Iranian state news agency IRNA said Wednesday that the court had found Israel's Trans-Asian Oil (TAO) liable for payment of USD 1.1 billion to the National Iranian Oil Company (NIOC).
It said that NIOC and an Israeli company had signed an agreement in 1968 to transport Iranian oil to the Jewish state across the Red Sea.
But after the 1979 Islamic revolution which overthrew Iran's pro-Western shah, the new regime cancelled the contract because it did not recognise the Jewish state.
The Israeli finance ministry today issued a carefully- worded statement which neither confirmed nor denied the IRNA report.
"Without commenting on the substance of the matter, we should remember that in accordance with the laws on trading with the enemy, it is prohibited to transfer funds to the enemy, which includes the National Iranian Oil Company," it said.
"It is highly doubtful that Israel will actually pay the debt," said an expert quoted by Israeli defence analyst Yossi Melman in Maariv newspaper today.

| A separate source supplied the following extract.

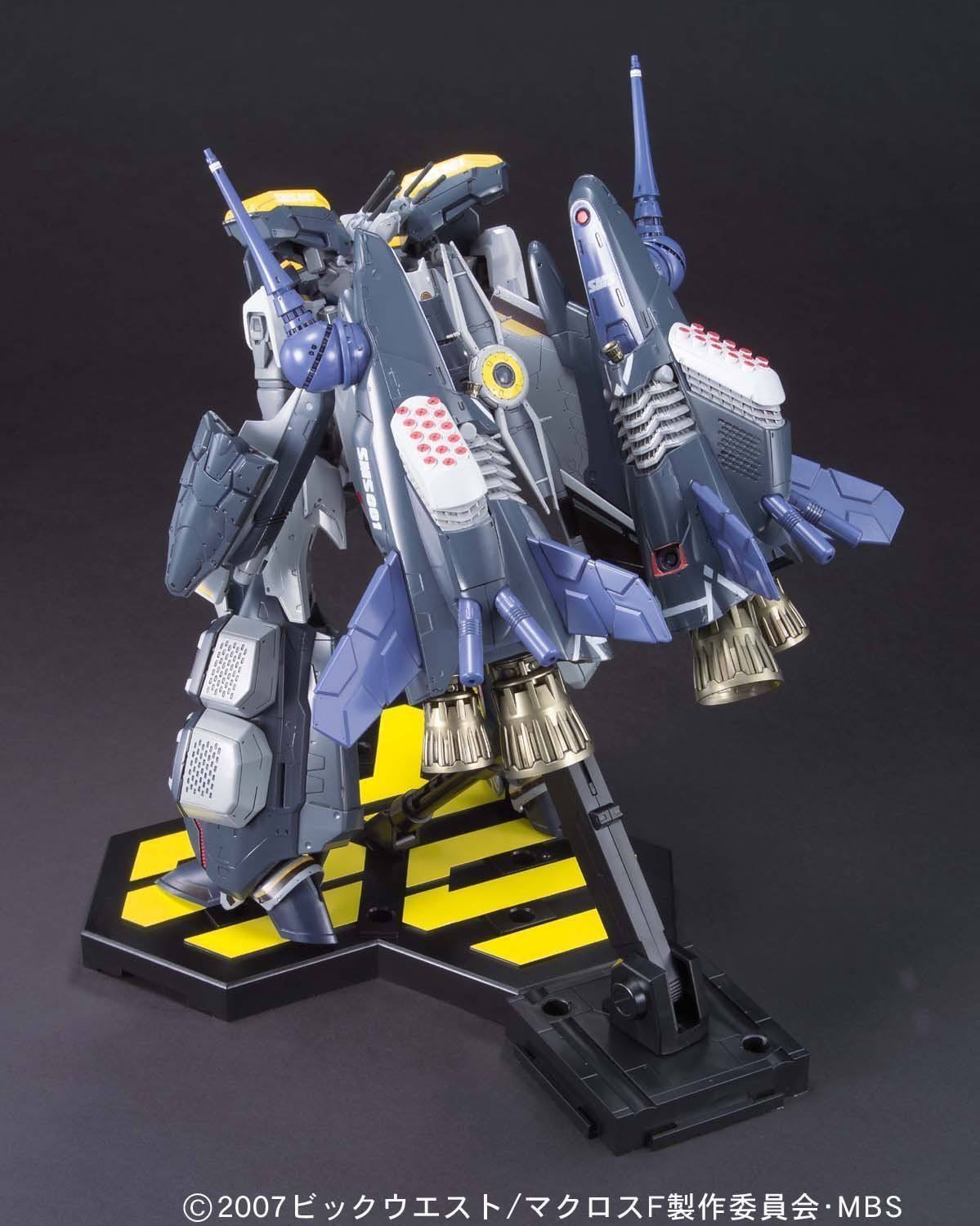 Bandai Macross VF-25S Armored Messiah Valkyrie Ozma Custom 1/72 Scale Model Kit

Israel considers Iran its deadly foe and accuses it of seeking to develop nuclear arms and of financing attacks by Gaza-based Hamas and by Lebanon's Hezbollah.
The premier is an implacable foe of any easing of international sanctions on Tehran as part of a nascent deal meant to prevent it acquiring nuclear arms.
In a January editorial, the left-leaning Haaretz daily wondered if Netanyahu's campaign to isolate Iran could be to some extent influenced by the festering financial dispute, which has been the subject of arbitration for two decades.
"The legal battle has kept the highest people in government very busy, but Israelis have been left in the dark," it wrote.